An Inspectable Substrate for AI Skill Workflows
An episode-grounded trace exposes the behavior behind a skill score to any layer that needs to read it, without storing raw prompts, completions, or transcripts.
1Abstract
When a platform reports that an AI skill scored 82 percent, the honest follow-up is operational: based on what? When some other layer proposes an edit to that skill, the question becomes: based on what does this edit improve it? Both questions are asked of the same episode. Versalist’s answer is a trace, a read-only projection of the ordered behavior events that produced the result.
A trace exposes bounded behavior metadata, not raw payloads. It gives any layer with reason to inspect a skill enough structure to walk the episode, compare runs through hashes, and identify incomplete capture, without turning every prompt and completion into stored liability. The substrate is consumer-agnostic by design.
2The problem
Scores are useful only when they can be challenged. A rubric breakdown can explain what was judged, but it does not show how the system moved through the work. The score still arrives as a verdict from a pipeline the evaluator has to trust.
Trace inspection changes the artifact under review. The evaluator can walk through the episode step by step: what call fired, whether it completed or failed, which model handled it, how long it took, and how many tokens moved through the call.
3Architecture
Externally, the system reduces to two nouns: episode and trace. Run is a verb and a classifier of episode type, not an object. Trajectory is a forward-looking view across episodes rather than a stored entity. The glossary below states each precisely.
- EpisodePrimitive
- One scored execution of a skill bundle against a challenge. It owns identity, ownership, step scores, outcome, and reproducibility hashes.
- TraceProjection
- A read-only view assembled over one episode. Its identity is the episode identifier; there is no separate trace table.
- RunVerb only
- Useful as a verb and as a classification of episode type, but not a durable object. External language should use episode rather than invent a run entity.
- TrajectoryConcept only
- A future-facing way to describe movement across episodes and events. A view to render at the application layer, not a stored entity.
A trace says nothing about what should be done with it; that is by design. The same substrate can be read by any layer that has reason to ask what an episode did — whether a human reviewer diagnosing a failure, an automated optimizer proposing edits to a skill, an agent harness verifying its own execution against a recorded score, or an evaluation pipeline comparing runs across models. The substrate accommodates them by exposing structure — ordered events, status, reproducibility hashes, dropped-event counts — and treats what a particular layer does with that structure as that layer’s concern.
4Trace events
An episode trace is an ordered list of behavior events. Each event records its type, terminal status, the model that handled it, latency, and input and output token counts. The visible surface is intentionally narrow: enough to reconstruct the shape of scoring behavior, not enough to reconstruct the underlying conversation.

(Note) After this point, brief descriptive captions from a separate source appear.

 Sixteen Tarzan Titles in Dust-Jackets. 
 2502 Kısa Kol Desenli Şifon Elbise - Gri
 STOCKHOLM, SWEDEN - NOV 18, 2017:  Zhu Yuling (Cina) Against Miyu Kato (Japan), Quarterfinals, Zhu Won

| Seq | Event type | Status | Model | Latency | Tokens in / out |
|---|---|---|---|---|---|
| 01 | model_call | completed | gpt-4o | 842 ms | 1,820 / 420 |
| 02 | judge_call | completed | rubric evaluator | 304 ms | 620 / 110 |
| 03 | model_call | failed | fallback model | 1,204 ms | 900 / 0 |
5Claim boundaries
To keep claims honest, the trace surface is defined as much by what it refuses to record as by what it shows.
- Behavior inspection only: the trace shows what the system did, not everything it saw.

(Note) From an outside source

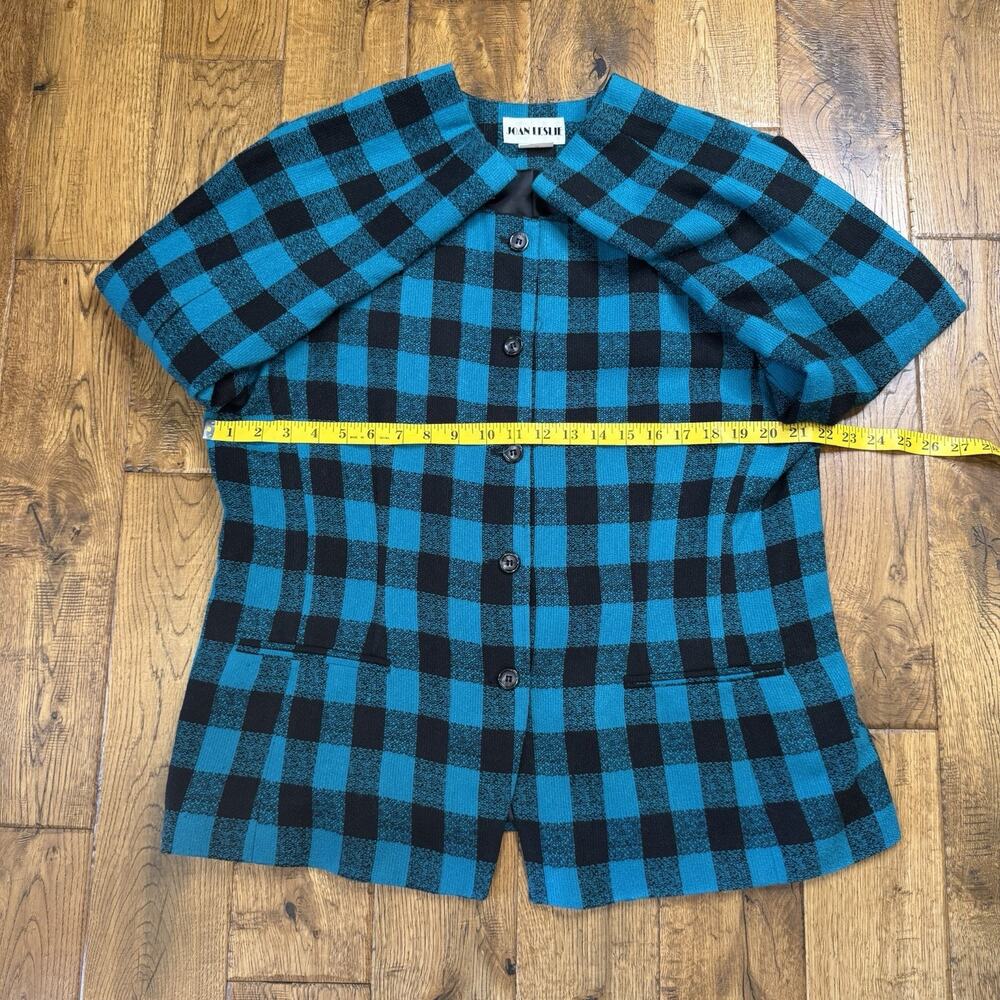 VTG Joan Leslie 2 pc Blazer & Sweater Set Teal Black Plaid Jacket Plus Size 18 - Picture 6 of 12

- No raw prompts, raw completions, or full transcripts are stored for this trace surface.
- Hashes support comparison and reproducibility without turning payloads into warehouse data.
- Dropped-event counts are visible, because an incomplete trace should say it is incomplete.

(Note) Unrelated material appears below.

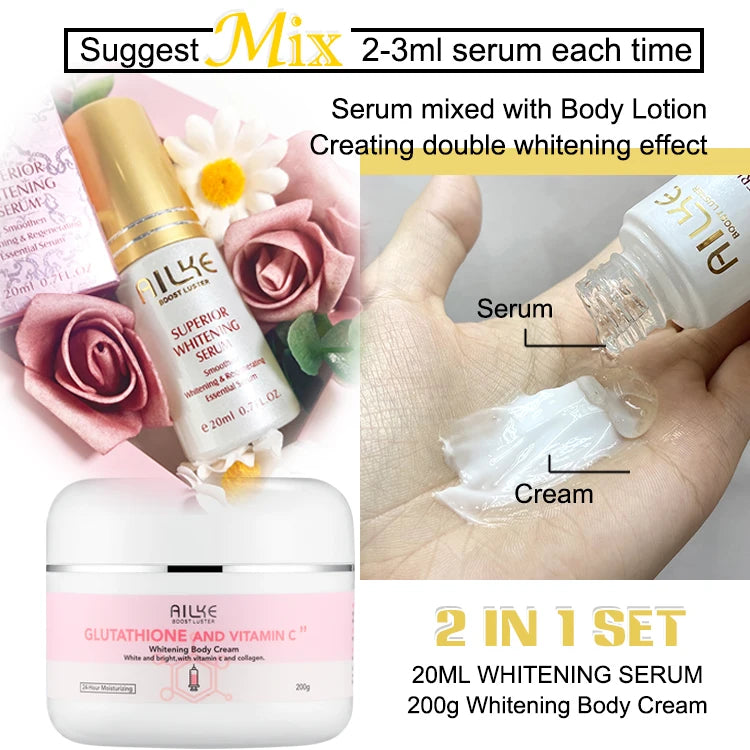 AILKE Glutathione Vitamin C Kit Whitening Lotion Moisturizing Cream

- This is not a tamper-proof audit log, a payload replay system, or a full reward-integrity claim.
6Shipped versus roadmap
The schema points toward a broader evaluation substrate; this note claims only the surface that can be inspected today. Table 2 separates the two so the paper can be defended on its current evidence.
| Capability | Status | Research reading |
|---|---|---|
| Episode with scored steps | Shipped | Durable entity carrying challenge, skill bundle, score percentage, and dimension scores. |
| Trace projection and viewer | Dark-launched | Served as a read-only projection over an episode and gated behind two default-off flags. |
| Captured event types | Narrow slice | Model calls and judge calls with status, model, latency, and token counts. Additional event types exist in the schema but are not yet emitted. |
| Payload references and per-event reward | Scaffold | Schema direction exists. Payload-backed reward integrity is not a current claim. |
| Multi-episode trajectory | Roadmap concept | Rendered, when needed, as a session view over many episode traces rather than a new stored trace header. |
Versalist Research (2026). Inspectable Scores: Episode Traces for AI Skill Evaluation.